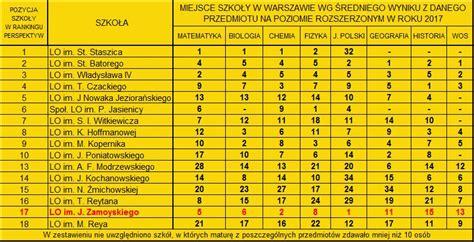 Tabela z wynikami zawodów strażackich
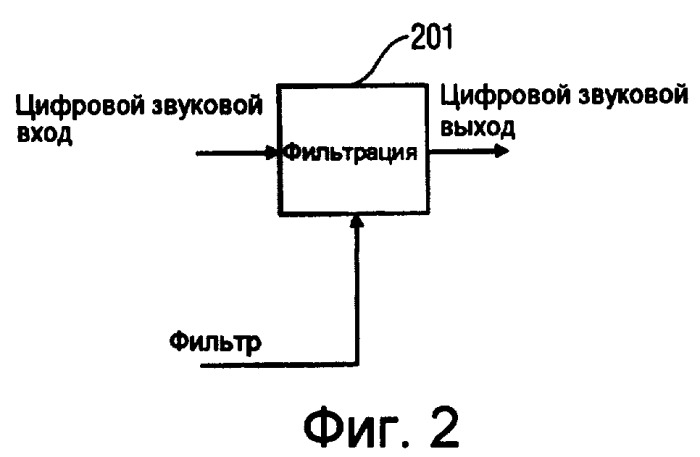 Эффективная фильтрация банком комплексно-модулированных фильтров (патент 2402872)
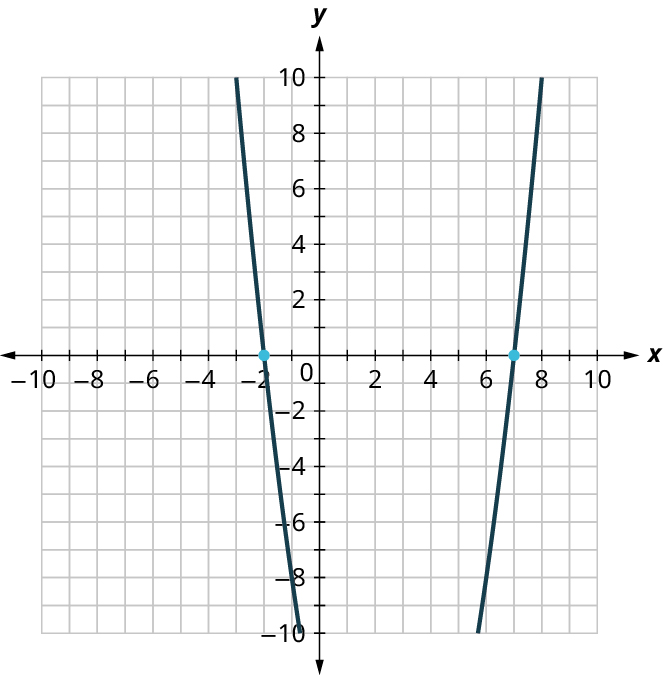 A parabola is plotted on an x y coordinate plane. The x and y axes range from negative 10 to 10, in increments of 1. The parabola opens up and it passes through the following points, (negative 2, 0) and (7, 0). The parabola is partially visible.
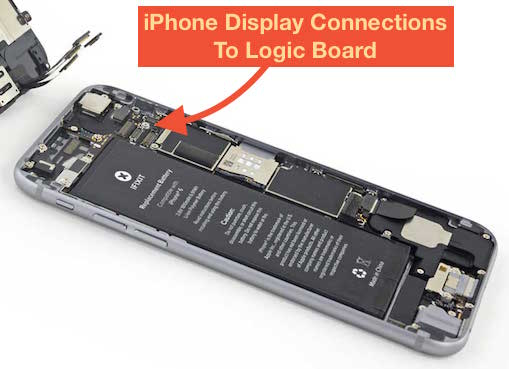 iPhone conexiones de pantalla con la placa madre / base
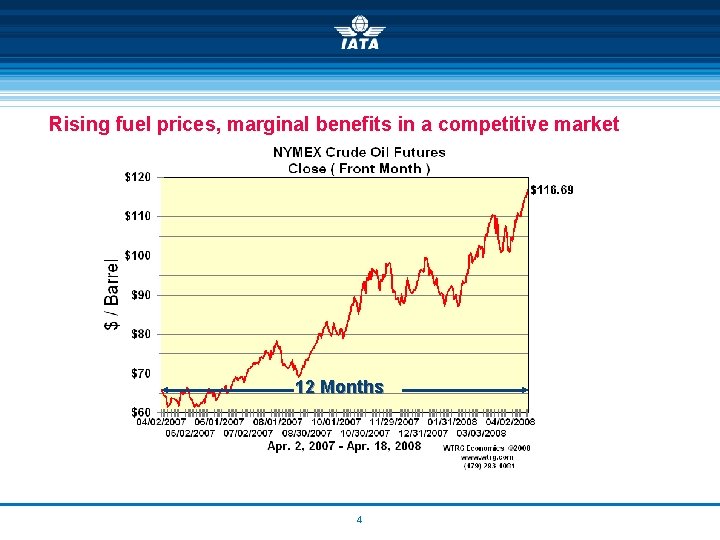 Rising fuel prices, marginal benefits in a competitive market 12 Months 4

------------------------

TASK BRIEF: Each line from the beginning of the entries up to and including the one containing "iPhone conexiones de" must be restated exactly. Pictures are to be left out.

ANSWER FOR THE TASK:
 Tabela z wynikami zawodów strażackich
 Эффективная фильтрация банком комплексно-модулированных фильтров (патент 2402872)
 A parabola is plotted on an x y coordinate plane. The x and y axes range from negative 10 to 10, in increments of 1. The parabola opens up and it passes through the following points, (negative 2, 0) and (7, 0). The parabola is partially visible.
 iPhone conexiones de pantalla con la placa madre / base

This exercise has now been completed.